Articles Tagged with relocation

We live in a world where people’s careers often require them to move to find work or allow their career room to grow. We also live in a world where many families are dealing with parenting plans and raising children in two separate households. Relocation actions are what happens when these two realities intersect.

Upon receiving a notice of relocation, non-primary parents are often shocked, hurt, and confused. Below please find a few notes about the relocation process. This is by no means a substitution for legal advice or a complete summary of the laws and procedures regarding relocations in Washington.

In relocation cases, timing is very important. Most of the time, notice should be provided by the moving primary parent to the non-primary parent sixty days in advance of the proposed move. RCW 26.09.440(1)(b)(i). After receiving notice of intent to relocate, a person has only thirty days to file an objection with the court. RCW 26.09.500. The objection is made by filing a form with the court (this is not the only way to provide notice of your objection, but it is the most common and perhaps most clear objection). If you do not object within thirty days, the move will be permitted by the court.

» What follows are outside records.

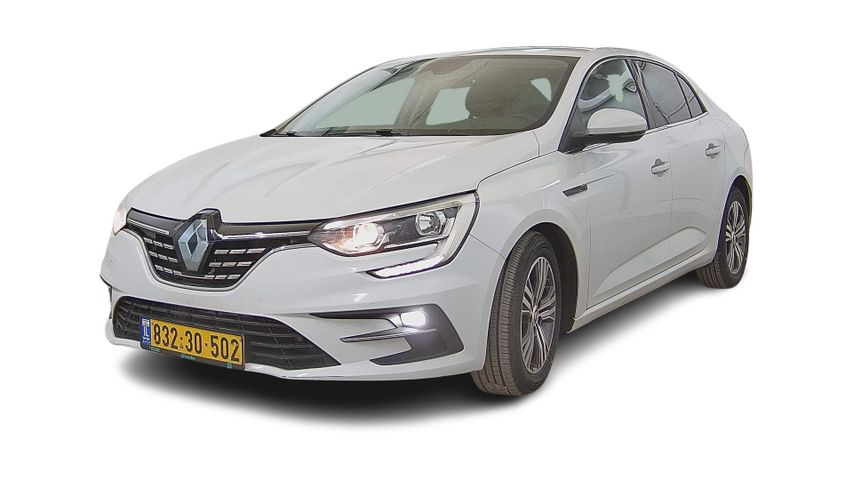 מודעת רכב רנו מגאן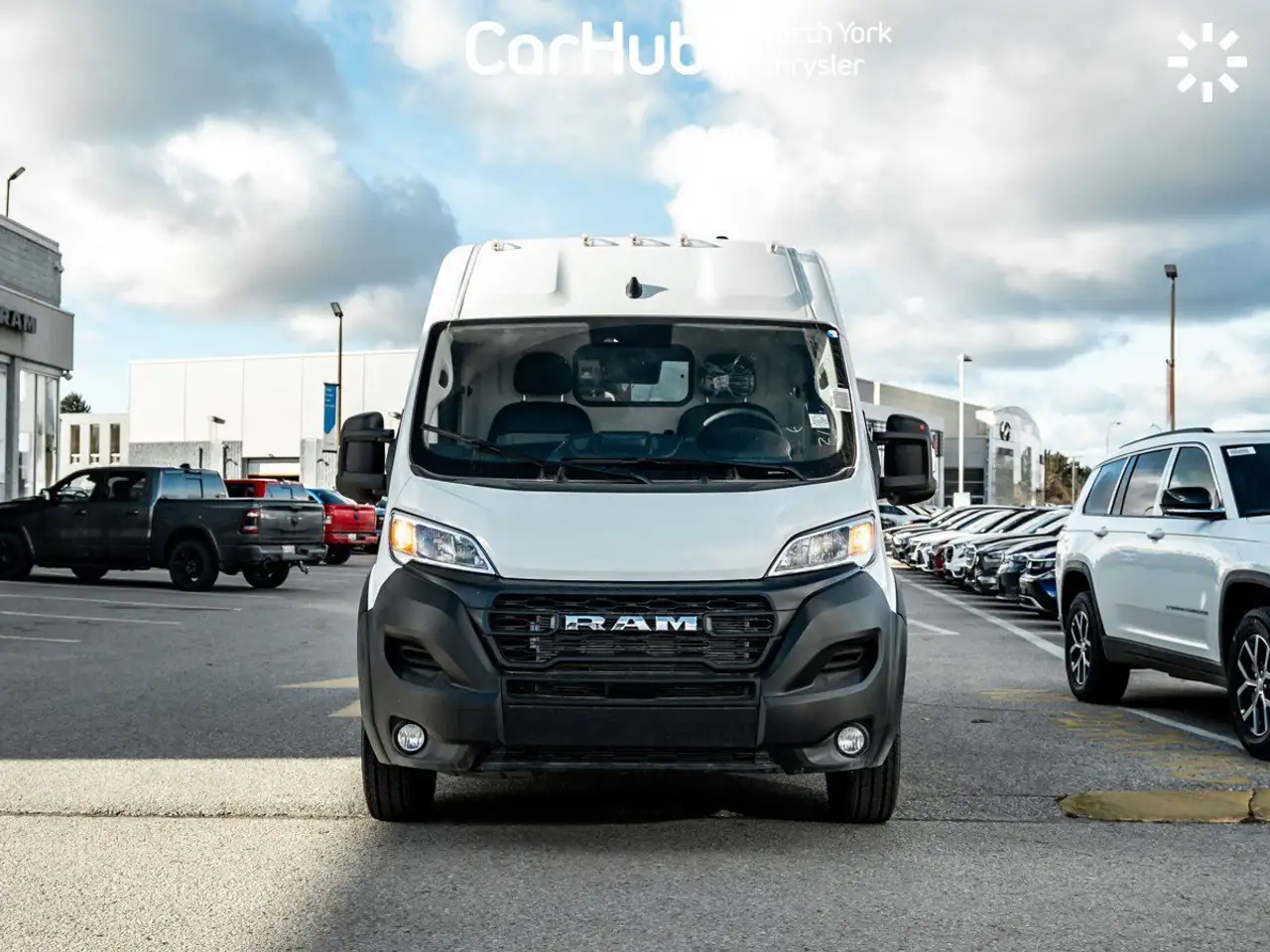 RAM Promaster снимка RAM Promaster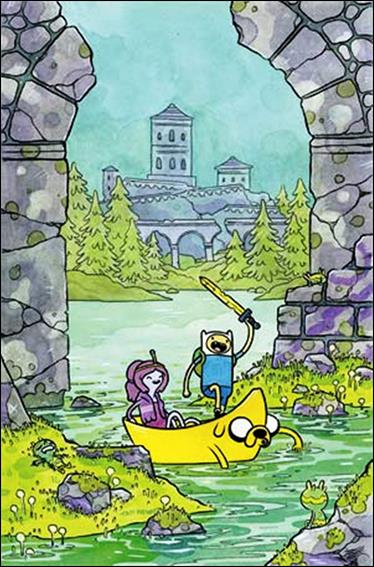Adventure Time (2012) issue 32-B Tait Howard Subscription Cover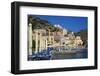 Gialos Harbour, Symi, Dodecanese, Greek Islands, Greece, Europe-null-Framed Photographic Print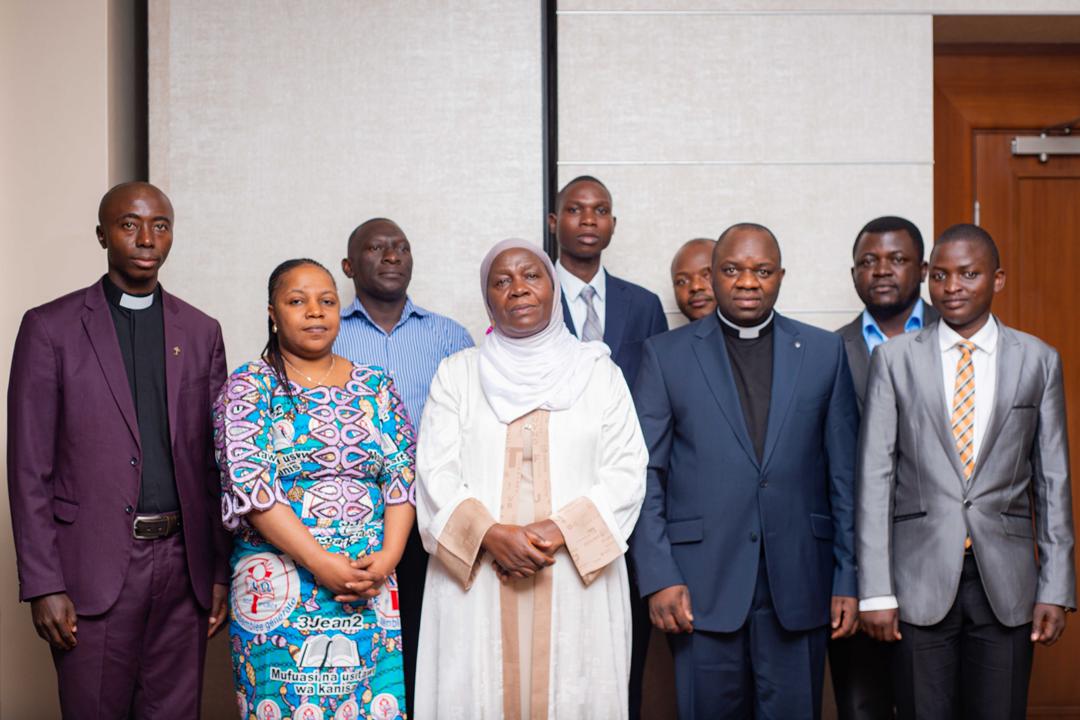 The President and Legal Representative of the CBCA received in an official audience by the Minister for Kampala Region Affairs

Unmarried parents are often confused about their rights and responsibilities when they want to move their children, or if they want to stop the children’s other parent from moving the kids. For most families living under a court-ordered Washington parenting plan, there is a relocation statute that requires notice be given (except in limited circumstances) prior to moving the children. The type of notification (formal vs. informal) and other requirements (timing of notice, allowing time for objection of other parent) of notification vary based on whether the move is (1) out of the school district, or (2) within the school district. A lot of attention is paid to the notice required for a move outside the school district. There is a law requiring (in most cases) a formal notice of intended relocation. There is also a process that allows the other party to object to the proposed relocation. However, there are frequent instances where a residential parent merely wants to move across town to a new home or apartment. These types of moves often keep the children in the same school district (or even the same school). In these instances, residential parents often wonder what the law requires of them, and non-residential parents wonder whether they have any say in the decision.

RCW 26.09.450 requires that when the residential parent intends to move the kids within the same school district, the residential parent must provide actual notice to all people entitled to residential time with the child. According to that statue, the notice may be by any reasonable means. While “reasonable means” is a vague term (that can include verbal notice), it is usually advisable that a residential parent provide written notice. This reduces the chance that the non-residential parent will deny receiving notice. A copy of the notice you provide should be kept for your records. Many attorneys advise that this notice be sent by certified mail with a return receipt requested. The notice should likely include your new home address, phone number, and (if applicable) new school or daycare information. (Notice requirements are often different in cases involving domestic violence or other safety concerns.)

If you are the recipient of notice that your child’s residential parent is relocating within the school district, you are not allowed to formally object to the relocation. That said, in some cases an in-district move may be grounds for a modification of the parenting plan.

As if packing your entire home into cardboard boxes, finding a new place to live and work, and saying goodbye to local friends and family aren’t enough, we have one more thing you may need to consider before moving. If you have children that you intend to also relocate, with someone whom you are not moving with, you may need to provide your kids’ other parent (and/or anyone else with legal rights to residential time with your children) with notice of your intent to relocate. (This may not be true if there is no court order providing the other person(s) with legal rights to time with the children, but there are other laws that may still affect your ability to move with your kids.)

The content and type of notice required varies based on where you intend to relocate to and whether there is a court order requiring notice.

If, based on your circumstances, notice is required pursuant to RCW 26.09.430, it should be provided no less than sixty days prior to your move. (As with most rules, there are exceptions to this rule.) If the general rule applies and sixty days’ notice is to be provided, the opposing party must file their objection within thirty days of receiving notice of your intent to relocate. If they do object, the court (unless you can settle the issue before hand) will decide whether or not you may move with your children.